On 2021-05-02 14:49:44 +0100, Pól Ua Laoínecháin wrote:
> While perusing the interweb, I stumbled on this very interesting blog
> post from TiDB.
>
>
> https://pingcap.com/blog/tikv-and-spdk-pushing-the-limits-of-storage-performance
>
> It talks about the Storage Performance Development Kit (SPDK) (spdk.io).
This sounds certainly interesting. Without reading up on the details,
however, I notice that it implements a file system in user space which
means that the kernel cannot enforce any permissions. This may be ok for
a database (which typically runs as a single OS user anyway), but it is
something to consider. It looks somewhat similar to Oracle's "raw device
tablespaces" of the 1980s.

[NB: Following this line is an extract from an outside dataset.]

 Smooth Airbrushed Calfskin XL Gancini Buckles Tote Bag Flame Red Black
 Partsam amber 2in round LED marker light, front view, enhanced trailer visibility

By the time I got involved in database
programming in the late 1990s these were considered obsolete (negligible
performance advantage, but a hassle for the DBA). Maybe with NVME SSDs
and persistent memory like Intel Optane it is time to revisit that idea.
There are less intrusive possibilities, though: Linux has recently
(kernel 5.1 - oh, that is already 2 years old) aquired a new async I/O
API named io_uring, which eliminates the system call overhead. I haven't
played around with it myself, but some blog posts report quite
substantial performance improvements, in some cases approaching the
theoretical limits of the used (very fast) SSDs.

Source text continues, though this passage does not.